Corporate Social Responsibility in India represents a distinctive regulatory experiment where voluntary philanthropic traditions have been transformed into mandatory legal obligations through statutory intervention. This paper critically examines the legal framework governing CSR under the Companies Act, 2013, analyzing whether mandatory spending requirements effectively advance social development objectives or merely create compliance burdens without corresponding societal benefits. Through doctrinal analysis of statutory provisions, regulatory guidelines, judicial interpretations, and empirical implementation patterns, this research investigates the effectiveness of India’s pioneering approach to legislating corporate social obligations. The examination reveals that while India became the first nation globally to mandate CSR expenditure, implementation challenges including narrow interpretations of eligible activities, preference for safe and visible projects over impactful interventions, geographical concentration in already developed regions, and inadequate monitoring mechanisms have limited transformative potential.
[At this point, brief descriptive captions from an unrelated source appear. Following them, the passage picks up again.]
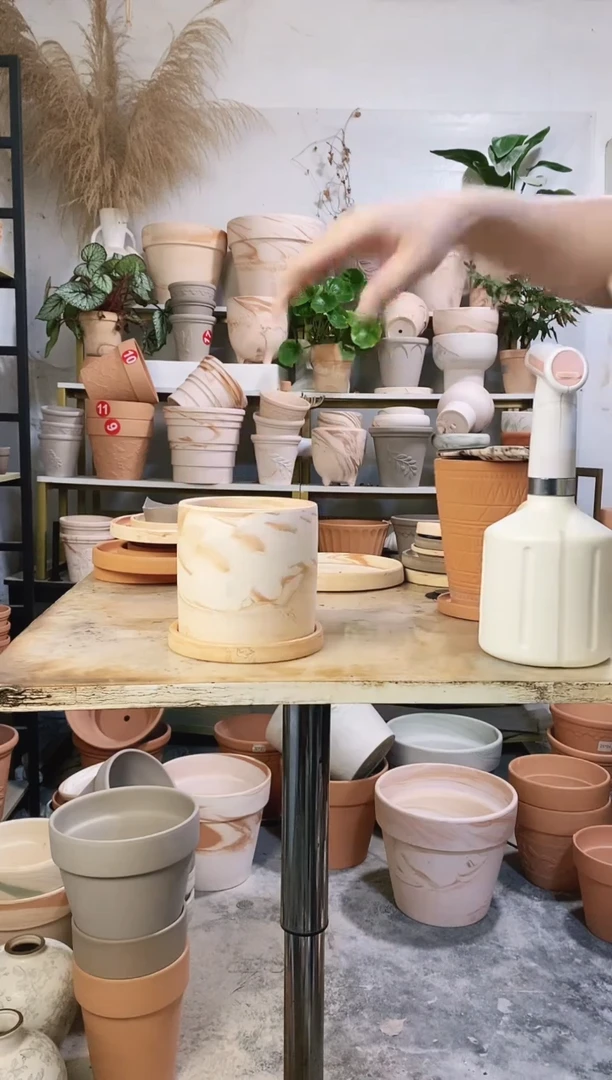 13*13玛奇朵直筒 1盆1托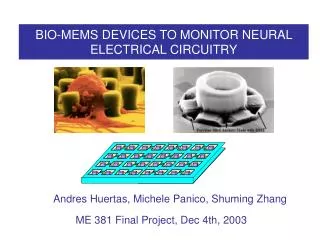 BIO-MEMS DEVICES TO MONITOR NEURAL ELECTRICAL CIRCUITRY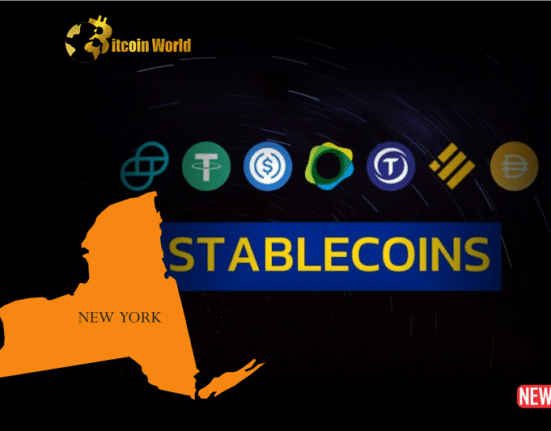 stablecoin new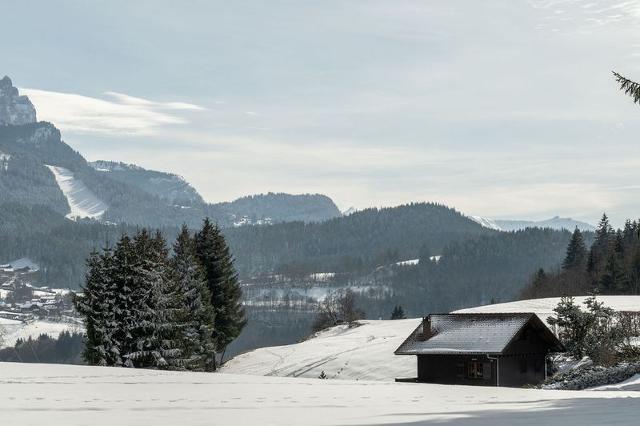 Appartements Les Alpages - Les Carroz d'Araches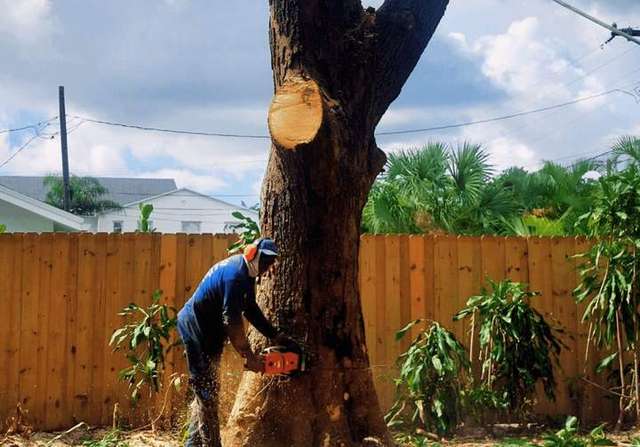 Photo photo – CK's Tree Service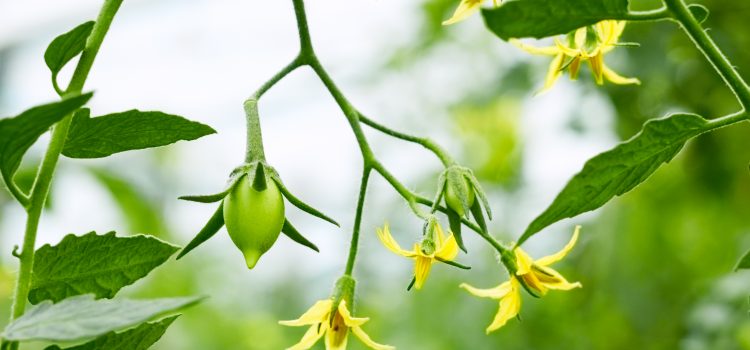 Brightgreen gives us a plug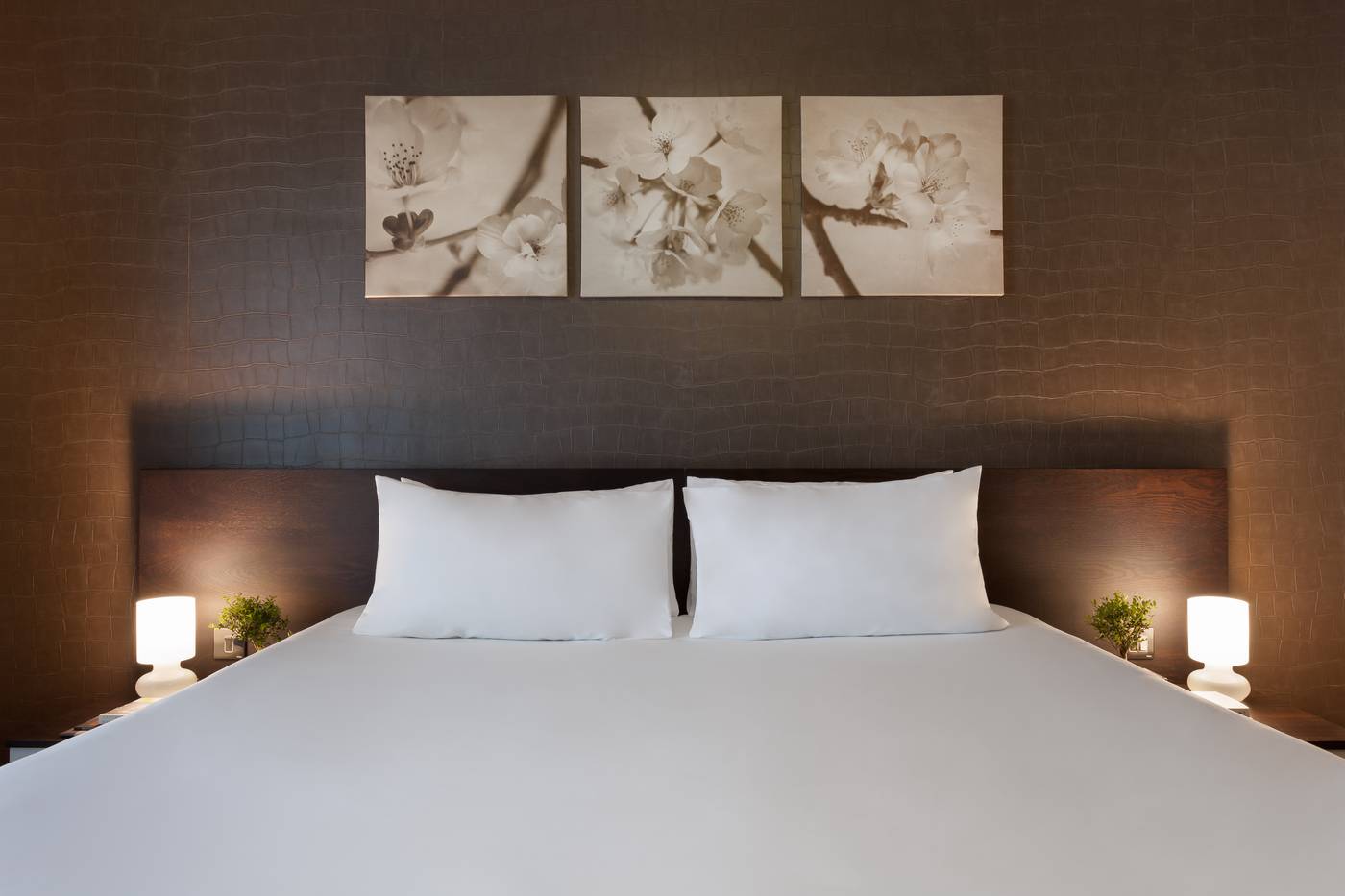 Hotel-Argento-Room-21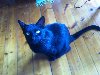 Черно-синий кот желает счастливого пути.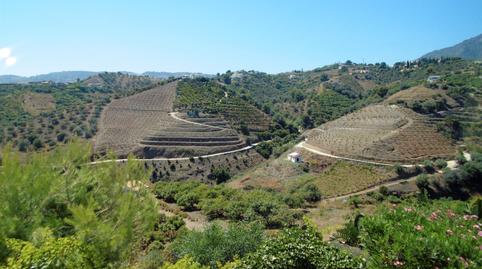 Foto 3 de Casa o xalet en venda a Frigiliana, Málaga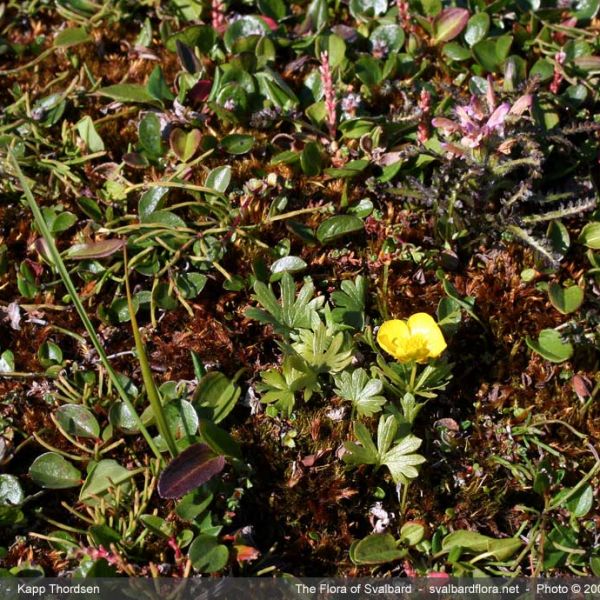 Ranunculus wilanderi place full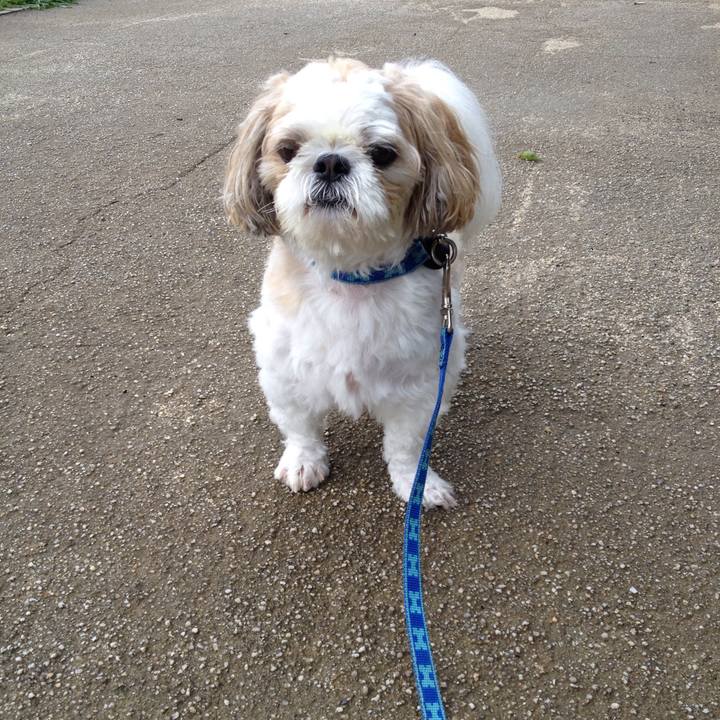 A1bdd9ad e992 4c5c 9019 5b929f0bc2ab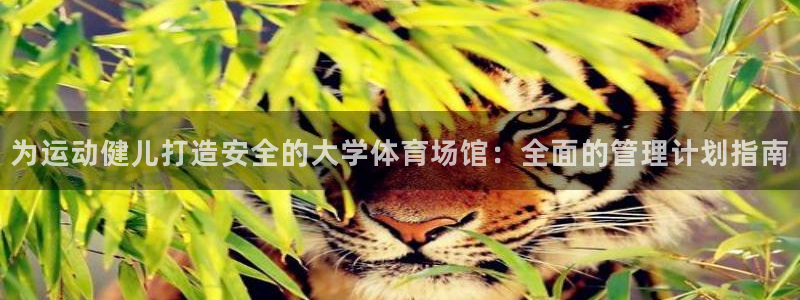 必一体育sport装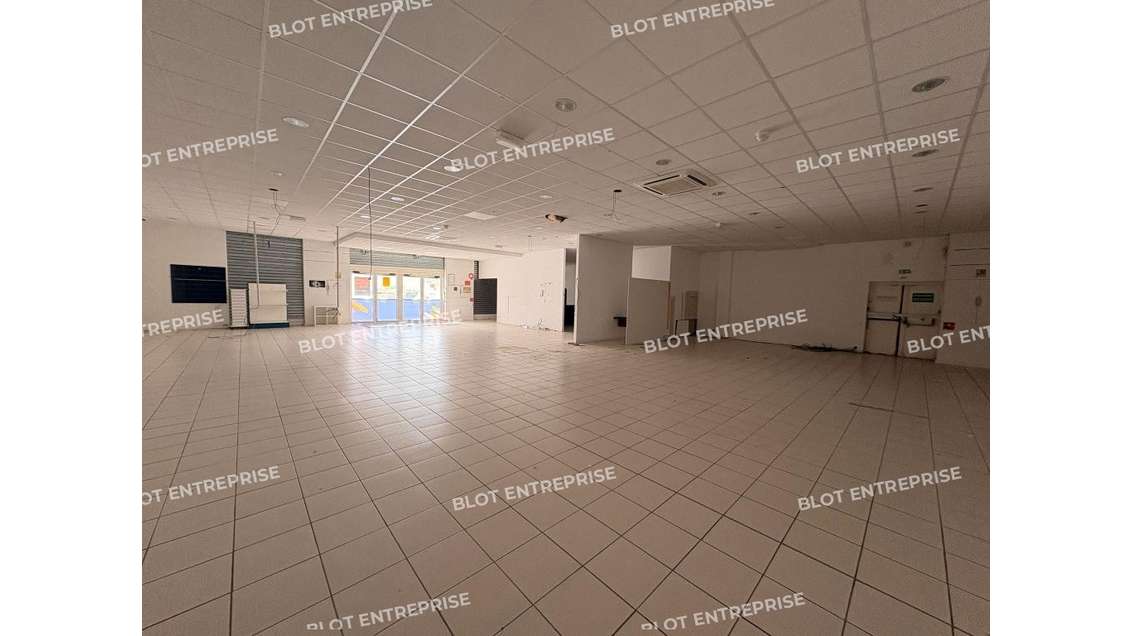 A LOUER - LOCAUX COMMERCIAUX 393 m² LANGUEUX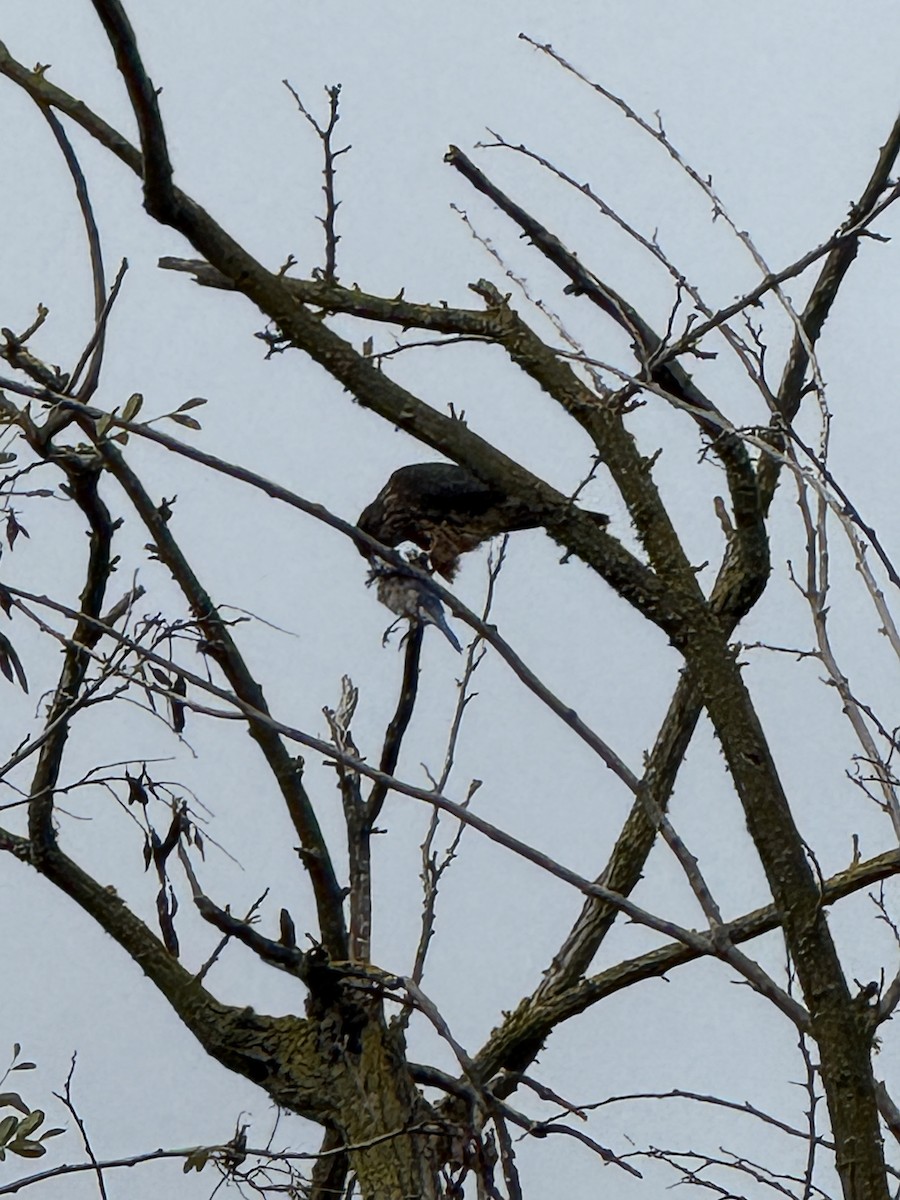 Merlin - ML645412289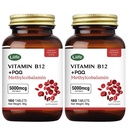 LIIFE Methylcobalamin (Higher PQQ + Vitamin B12) 5000 mcg | Boosts Antioxidant Power & Mitochondrial Support, Promotes Brain & Nerve Health | 360 Chewable Tablets, Gluten-Free Formula, Cherry Flavor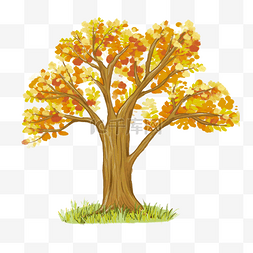 水彩风格秋天的一棵树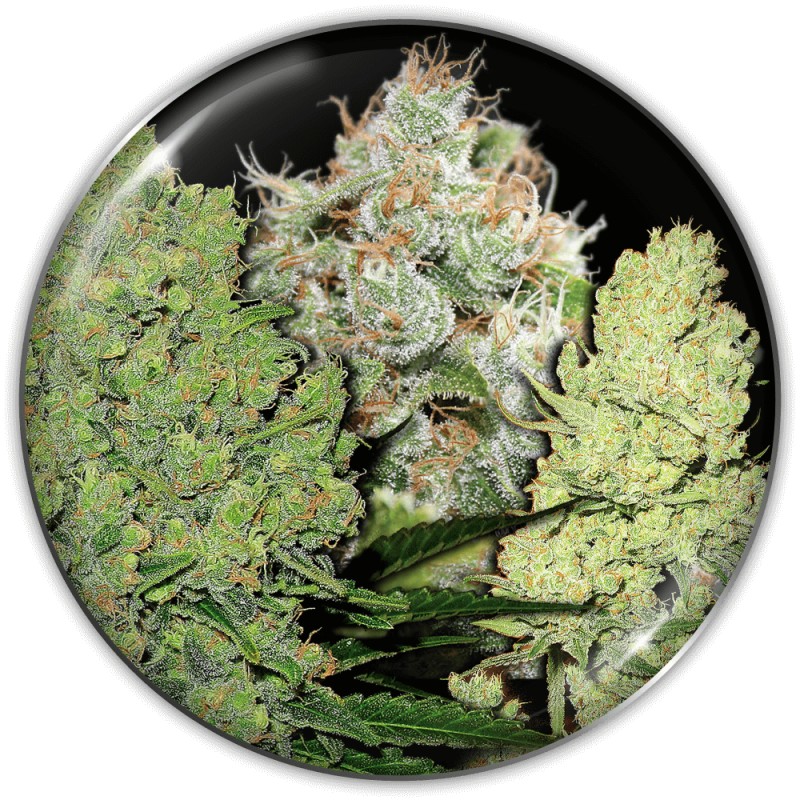 COLECCIONISTA 1 · Medical Seeds · kenevir tohum · Disi · Fem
The regulatory architecture establishing spending thresholds, board-level CSR committees, and prescribed activity schedules creates accountability structures yet simultaneously generates compliance-oriented approaches prioritizing expenditure documentation over genuine social impact assessment. However, the framework has successfully mainstreamed CSR discourse within corporate governance, generated substantial financial flows toward social sectors, and established precedents for corporate accountability beyond shareholder value maximization. Recommendations emphasize strengthening impact measurement requirements, encouraging collaborative and innovative CSR approaches, addressing geographical disparities in CSR deployment, enhancing regulatory oversight capacity, and balancing mandatory compliance with flexibility enabling contextually appropriate interventions that genuinely advance sustainable development objectives.
Keywords: Corporate social responsibility; Companies Act 2013; CSR spending; corporate governance; social development; regulatory compliance; sustainable development; Schedule VII activities.